Our House in Wichita |
From Wichita, we were close enough to Colorado to go camping in the Rockies on my father’s two week vacation. More than the mountains though, I remember the endless fields of corn in western Kansas - that were in fact - as high as elephant’s eye. We stopped beside the road to take photos of zinnia fields that grew as far as you could see, and wonder, why doesn’t anyone grow sunflowers in the Sunflower State? For lunch we’d stop at roadside parks usually alongside a creek. I recall the load noise made by the leaves shaking in the hot breeze, and the fuzz from cottonwoods falling on everything and thinking what a strange tree and how tall they were compared to everything else on the high plains.

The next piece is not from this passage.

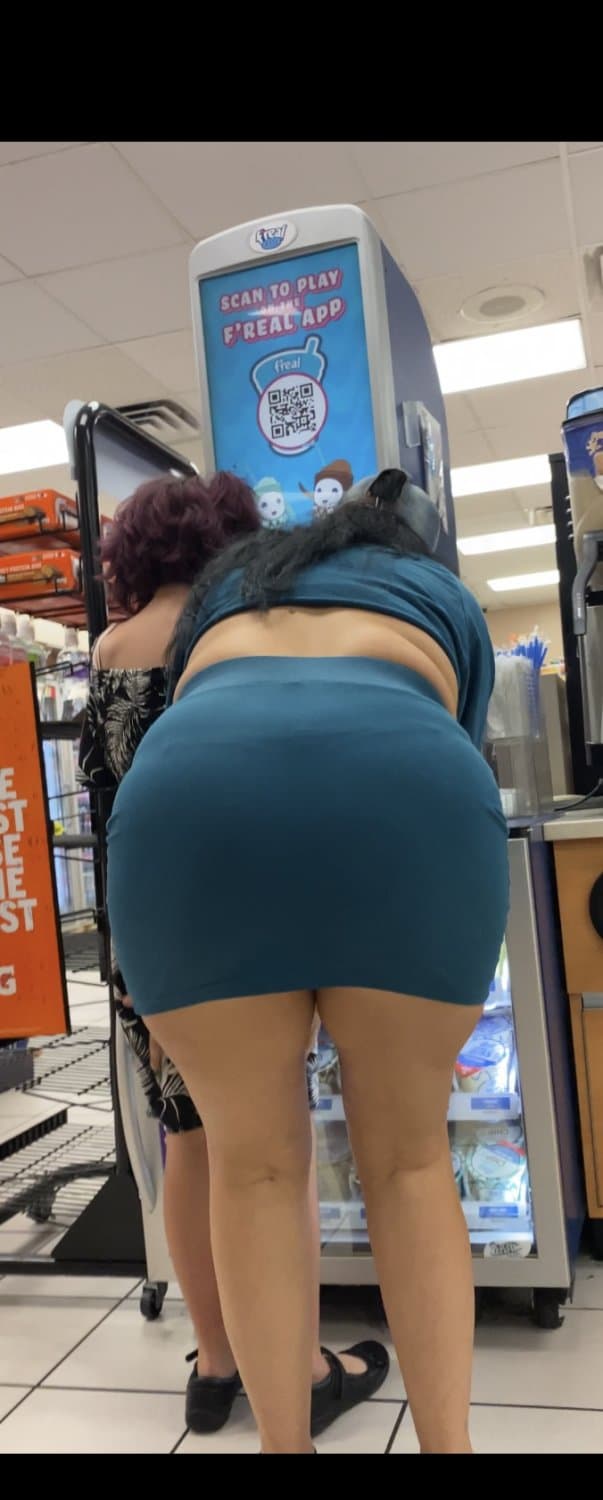 Blue Skirt Bend Over Store Candid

That summer my grandmother fell off a ladder and broke her back. My mother returned to her family home in Pittsburgh with my younger brother and me to help her father in his veterinarian business. My Aunt Betty showed me all the plants on the property. We picked fresh mulberries for breakfast. In the back, grandpa raised rabbits for food and fertilizer. Mixed into the flower beds was a strange plant called rhubarb with poisonous leaves, but you could eat the stems in early spring. My younger brother would stay on with mom in Pittsburgh while I was sent to spend the summer with my Aunt Mary and her family in Akron, Ohio. Their entire backyard was a large vegetable garden where they would grow all of their fresh produce. Aunt Mary would can fruit and vegetables in mason jars and store them in the basement for winter use. Though it would still be several decades before I would be willing eat them, it was here that I saw my first vegetables that didn’t come from the freezer or a can. On the front porch, between hands of bridge, my aunt would show me how to prepare fresh snap beans for cooking. In the garden, she’d explain how to grow beans, tomatoes, corn and strawberries. The different shapes and varieties of the plants were very surprising and fascinating to me. I was very confused that mulberries came from trees, strawberries came from plants that crawled on the ground and raspberries came from bushes. On Sundays, we’d go on long drives in the country and stop occasionally at roadside stands looking for good prices on seasonal produce. At one stand I remember seeing the strange looking orange and white turban squash. I wondered how you would eat anything so hard and strange looking. I wanted one even though my aunt assured me that a picky eater like me would never eat it.
Our stay in Wichita would be short and we’d soon be off to the tropical paradise of South Florida where my interest in plants would really take off.